Tout part du départ surprise de Karim Benzema vers Al-Hilal, qui laisse un vide en attaque chez les Tigres de Jeddah. Pour le combler, la direction saoudienne se tourne vers En-Nesyri, 28 ans, auteur de 38 buts en 79 matches toutes compétitions confondues depuis son arrivée à Fenerbahçe en 2024, en provenance du Séville FC.

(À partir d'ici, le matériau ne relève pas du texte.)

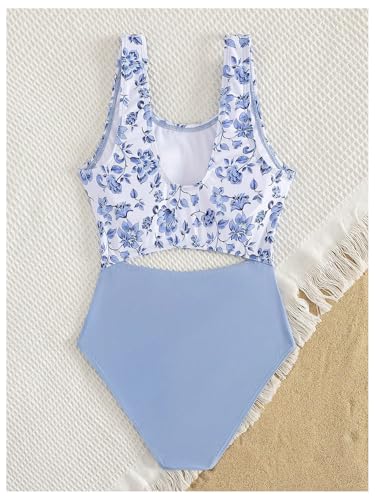 Verdusa Girl's Floral Cut Out One Piece Swimsuit Colorblock Sleeveless Bathing Suit2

Les discussions débouchent sur un accord ambitieux : un échange incluant N’Golo Kanté, annoncé partant vers Fenerbahçe, contre le Lion de l’Atlas, avec une indemnité estimée autour de 15 millions d’euros. Visite médicale, signatures, documents… tout semblait bouclé, jusqu’à une erreur de saisie dans le TMS (Transfer Matching System) de la FIFA, qui retarde l’enregistrement final après la fermeture de la fenêtre hivernale saoudienne. Furieux, Fenerbahçe publie alors un communiqué accusant Al-Ittihad d’amateurisme et assure que le transfert est compromis, tandis qu’En-Nesyri, déjà prêt à rejoindre Jeddah, se retrouve bloqué à Istanbul.
Mais le dossier connaît un dernier rebondissement : la FIFA accorde une dérogation exceptionnelle et valide l’enregistrement malgré le dépassement du délai. Al-Ittihad officialise ensuite l’arrivée sur ses réseaux sociaux, photos du joueur en jaune et noir à l’appui, tandis que le volet concernant Kanté se concrétise également, bouclant l’opération.
Sportivement, ce renfort donne une nouvelle dimension à l’attaque d’Al-Ittihad, qui parie sur la puissance, le sens du but et l’expérience internationale d’En-Nesyri, notamment acquise lors de la Coupe du monde 2022 avec le Maroc. Pour l’attaquant, c’est un nouveau chapitre après l’Espagne et la Turquie : direction l’Arabie saoudite, avec l’ambition de marquer vite et fort sous les couleurs de l’« Al-ʿAmīd ».